But it wasn't long before Bill realised that he had a bit of a problem. The first he knew of it was one morning when three RAF Tornado fighters blasted over his farm 250ft above the ground. "My hens went up in the air like flamingoes," he says in his broad Cockney twang. "We've got 6,500 birds and 900 of them ended up in the road."

Bill's problem, as he was later to discover, was that he'd built his chicken houses directly in line with a Ministry of Defence flightpath used by military aircraft. "Only last week we had a couple of those big Chinooks fly over and they don't half make a bloody noise," says Bill, who could probably live with the noise if it wasn't for the effect that it has on his hens' eggs.

Shortly after those three Tornadoes first flew over his farm, Bill discovered that two or three hundred of his hens had laid strangely misshapen eggs. "We get eggs as small as peas and we also get enormous ones, bigger than tennis balls, and they're all wrinkled. It's due to stress," says Bill, who's complained to the Ministry of Defence about this situation without much success.
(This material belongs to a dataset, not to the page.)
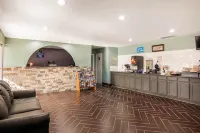 Rodeway Inn - 2-Star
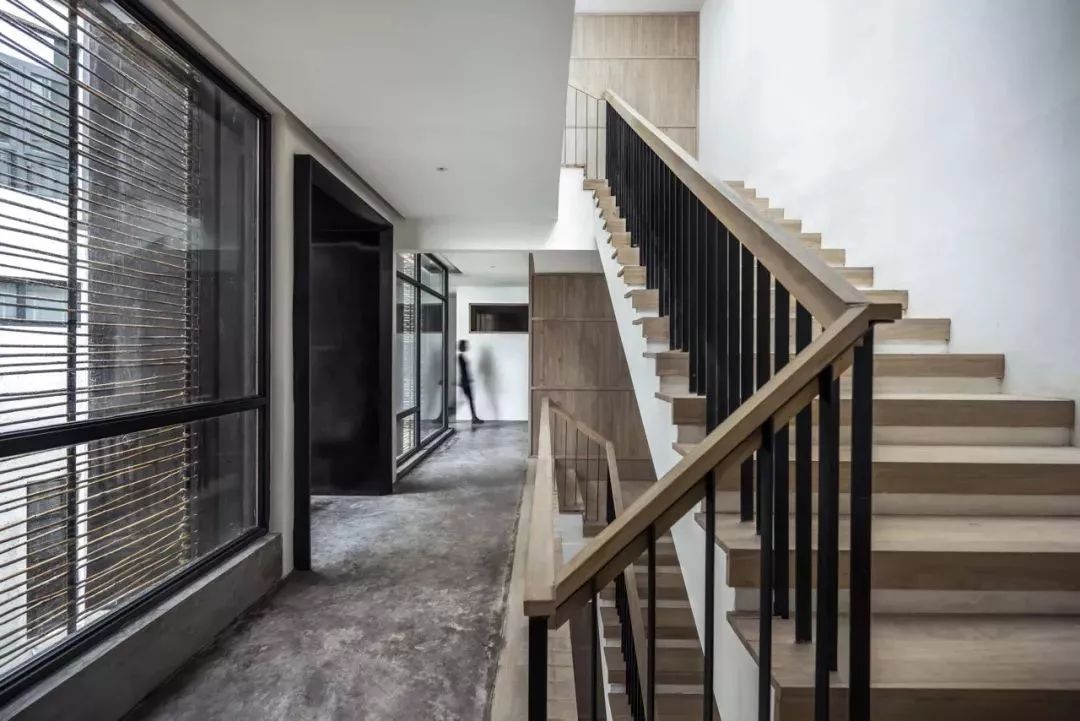 谢柯 | 自由生长的空间诗人-80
When it first happened, the story of Bill's eggs was reported by the local press. Then the Reuters news service picked up on it and it went round the world. Which is how Scott Mateer, the presenter of a morning show at the MIS 103 radio station in Jackson, Mississippi, came to hear of it. He thought it was a nice, quirky little tale, so he did a telephone interview with Bill. He had no idea of the forces he was about to unleash.

"I thought it was just going to be a one-shot interview," says Scott, who now works in the Sheriff's Department in Jackson. "But after measuring the audience response and feeling his charisma over the phone, I thought, 'This guy's a star'. So we brought him over here. And everywhere we went we had thousands of people show up to meet him. They loved him."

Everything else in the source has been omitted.